Data under study.
◆ ◆ ◆

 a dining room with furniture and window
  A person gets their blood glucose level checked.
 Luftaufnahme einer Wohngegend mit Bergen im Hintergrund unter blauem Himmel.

◆ ◆ ◆

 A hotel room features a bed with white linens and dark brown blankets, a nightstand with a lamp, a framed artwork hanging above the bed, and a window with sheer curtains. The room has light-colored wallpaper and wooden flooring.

◆ ◆ ◆

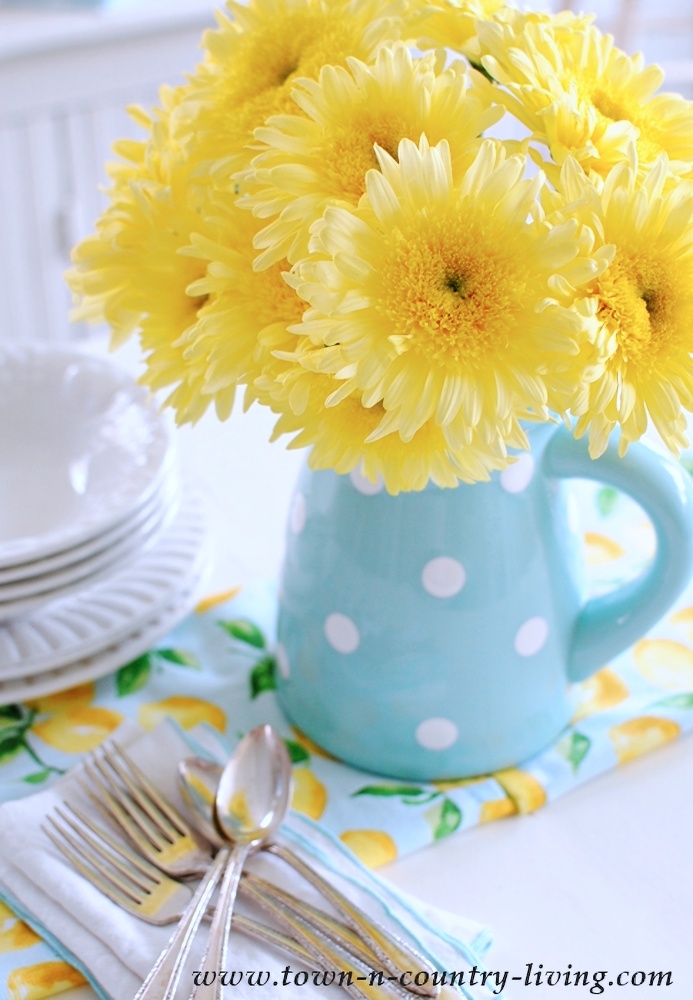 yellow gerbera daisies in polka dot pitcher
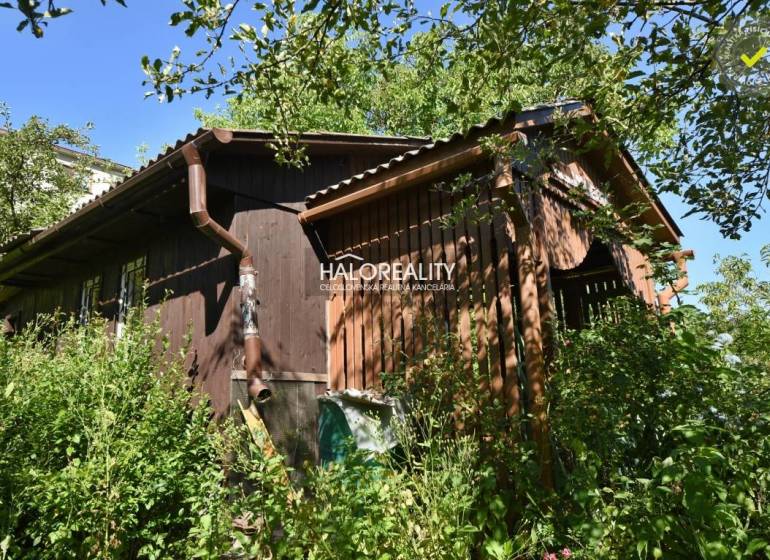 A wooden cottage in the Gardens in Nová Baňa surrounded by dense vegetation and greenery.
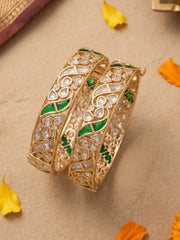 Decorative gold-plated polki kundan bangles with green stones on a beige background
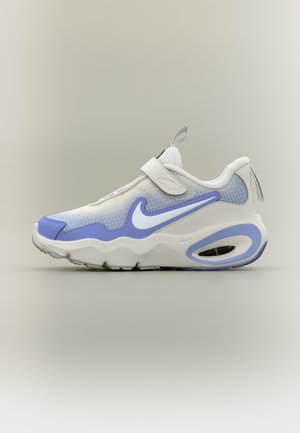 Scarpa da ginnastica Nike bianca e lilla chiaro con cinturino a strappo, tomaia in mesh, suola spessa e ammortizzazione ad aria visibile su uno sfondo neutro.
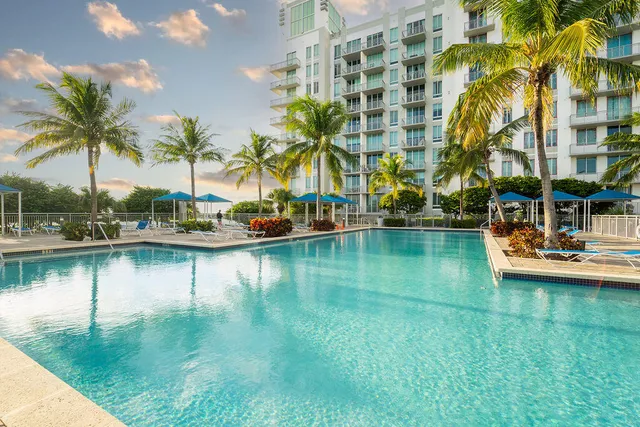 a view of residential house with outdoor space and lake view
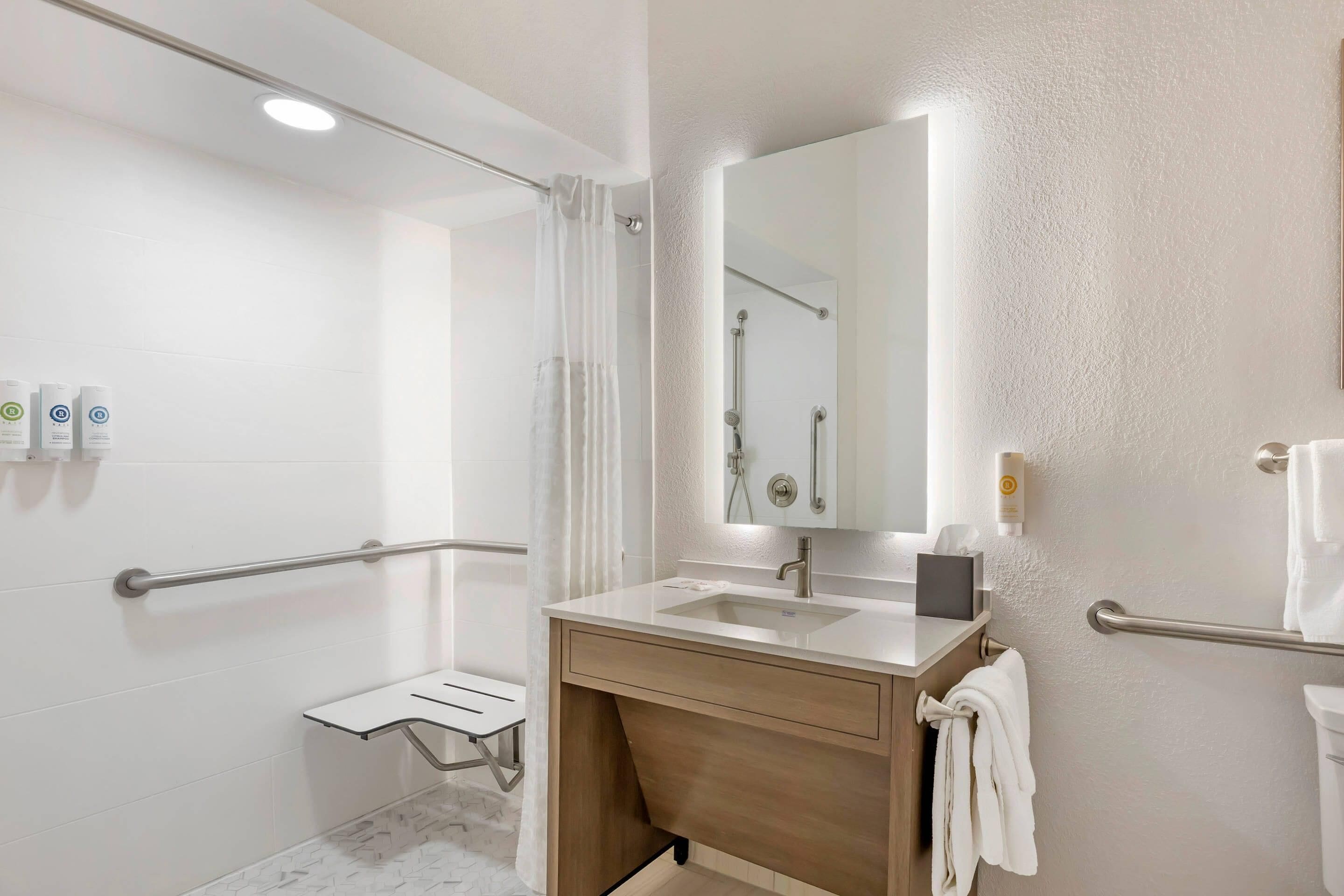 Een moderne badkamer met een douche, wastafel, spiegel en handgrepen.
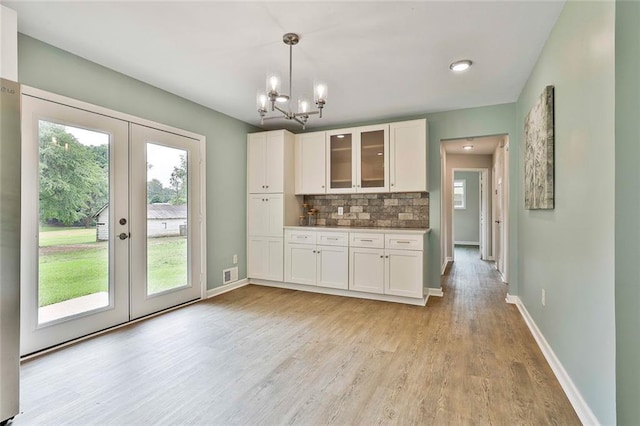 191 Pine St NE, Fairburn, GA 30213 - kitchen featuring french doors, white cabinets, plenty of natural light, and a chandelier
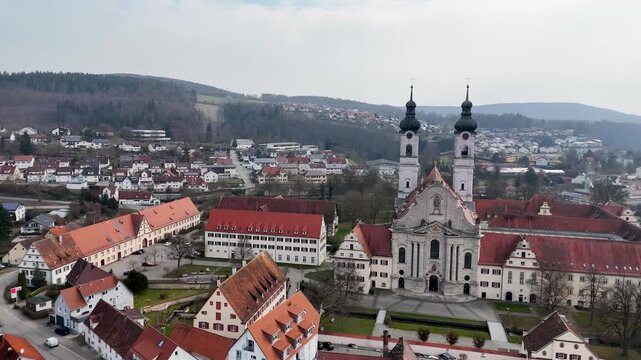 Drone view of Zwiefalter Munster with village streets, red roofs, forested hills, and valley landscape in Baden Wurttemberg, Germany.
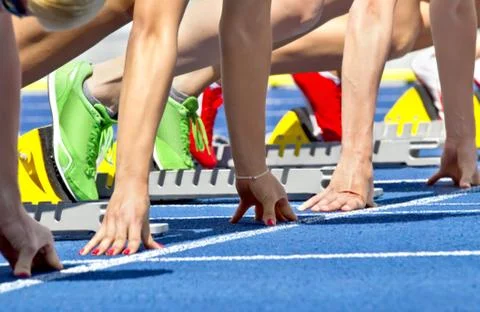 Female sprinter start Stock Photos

◆ ◆ ◆

Your goal. For this exercise, reproduce exactly the lines of the records above from the one with "191 Pine St" up to and including the one with "Female sprinter start Stock Photos", without pictures.

Task solution.
 191 Pine St NE, Fairburn, GA 30213 - kitchen featuring french doors, white cabinets, plenty of natural light, and a chandelier
 Drone view of Zwiefalter Munster with village streets, red roofs, forested hills, and valley landscape in Baden Wurttemberg, Germany.
 Female sprinter start Stock Photos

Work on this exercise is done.